Problem to work on
Your copy should hold every record exactly and no images.

(Short descriptive text snippets)
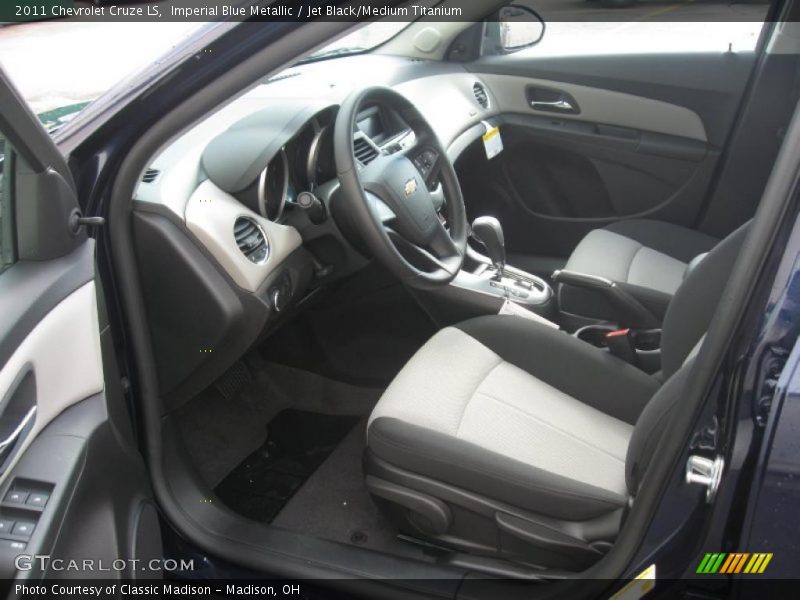Imperial Blue Metallic / Jet Black/Medium Titanium 2011 Chevrolet Cruze LS
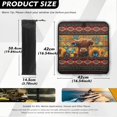 thumbnail image 6 of XYZCANDO Southwest Navajo Camper Window Cover Highland Cow Butterfly RV Skylight Covers with Hook And Loop Foldable RV Vent Covers for Roof Camper Must Haves Brown, 6 of 7
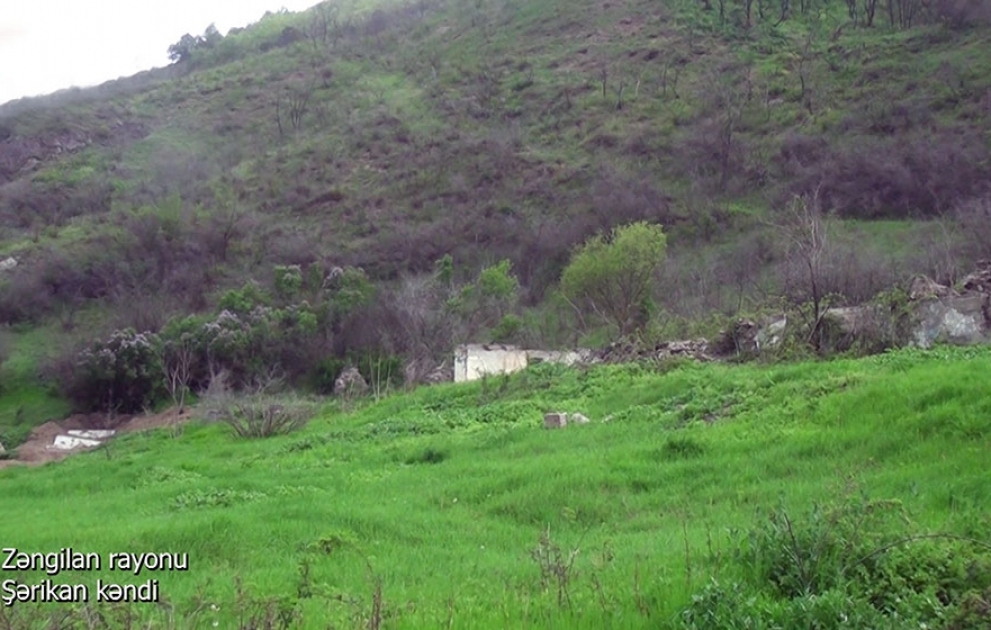 Azerbaijan’s Defense Ministry releases video footages of Sharikan village, Zangilan district VIDEO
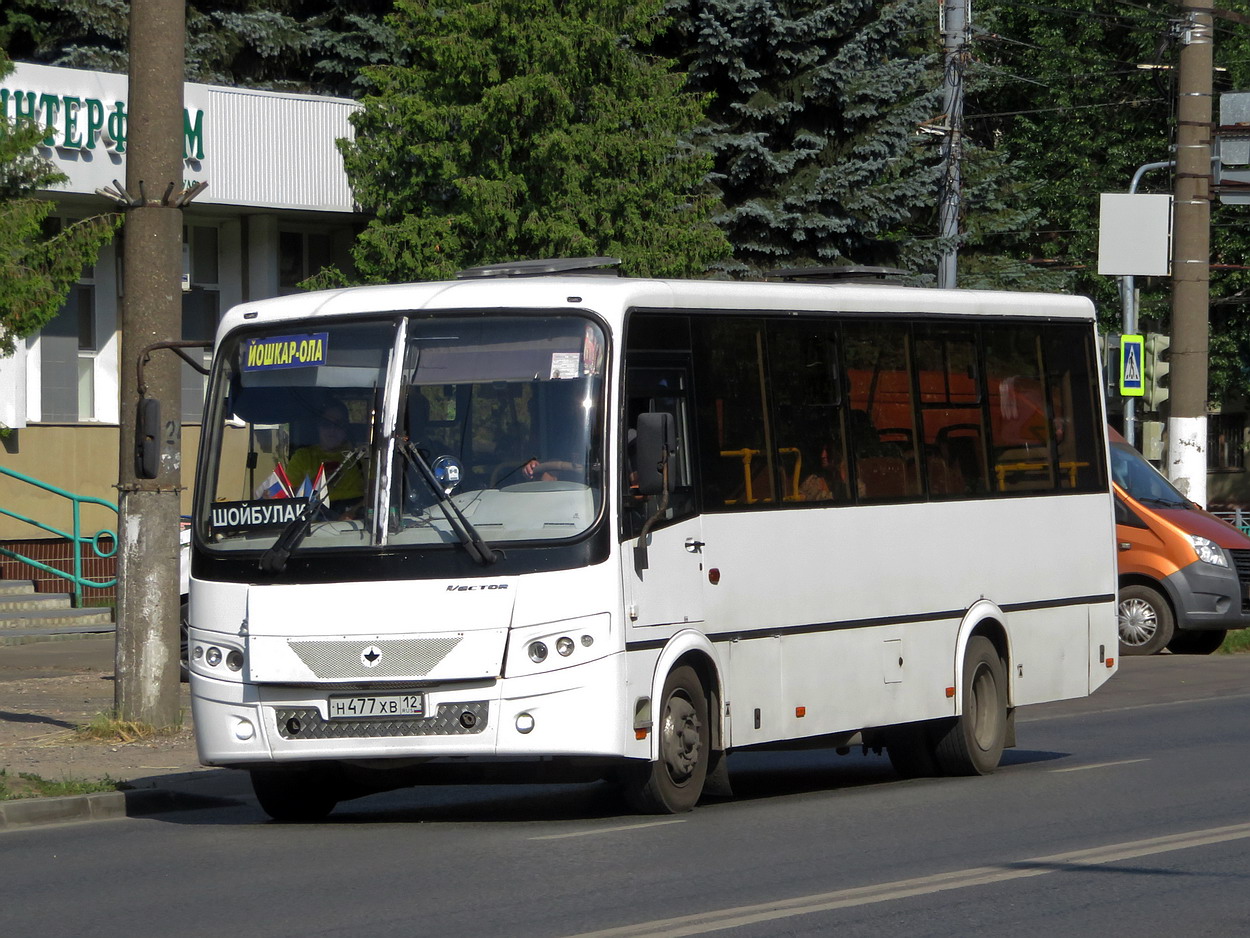 Марий Эл, ПАЗ-320414-05 "Вектор" (1-2) № Н 477 ХВ 12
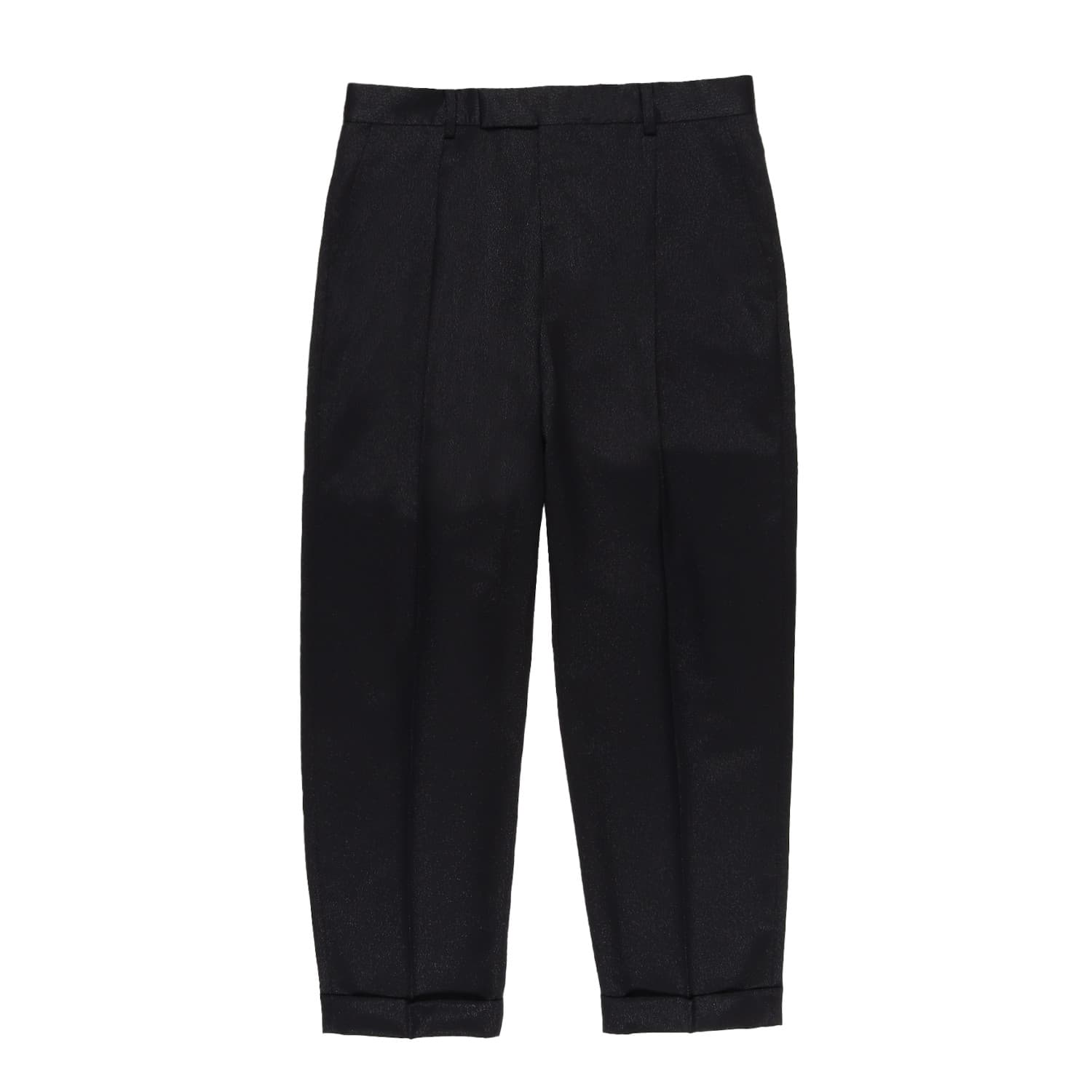 ワコマリア　GLITTER PLEATED TROUSERS TYPE-2 黒 DORMEUIL / GLITTER PLEATED TROUSERS (TYPE-2)【BLACK】｜WACKO MARIA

Response area
Imperial Blue Metallic / Jet Black/Medium Titanium 2011 Chevrolet Cruze LS
 thumbnail image 6 of XYZCANDO Southwest Navajo Camper Window Cover Highland Cow Butterfly RV Skylight Covers with Hook And Loop Foldable RV Vent Covers for Roof Camper Must Haves Brown, 6 of 7
 Azerbaijan’s Defense Ministry releases video footages of Sharikan village, Zangilan district VIDEO
 Марий Эл, ПАЗ-320414-05 "Вектор" (1-2) № Н 477 ХВ 12
 ワコマリア　GLITTER PLEATED TROUSERS TYPE-2 黒 DORMEUIL / GLITTER PLEATED TROUSERS (TYPE-2)【BLACK】｜WACKO MARIA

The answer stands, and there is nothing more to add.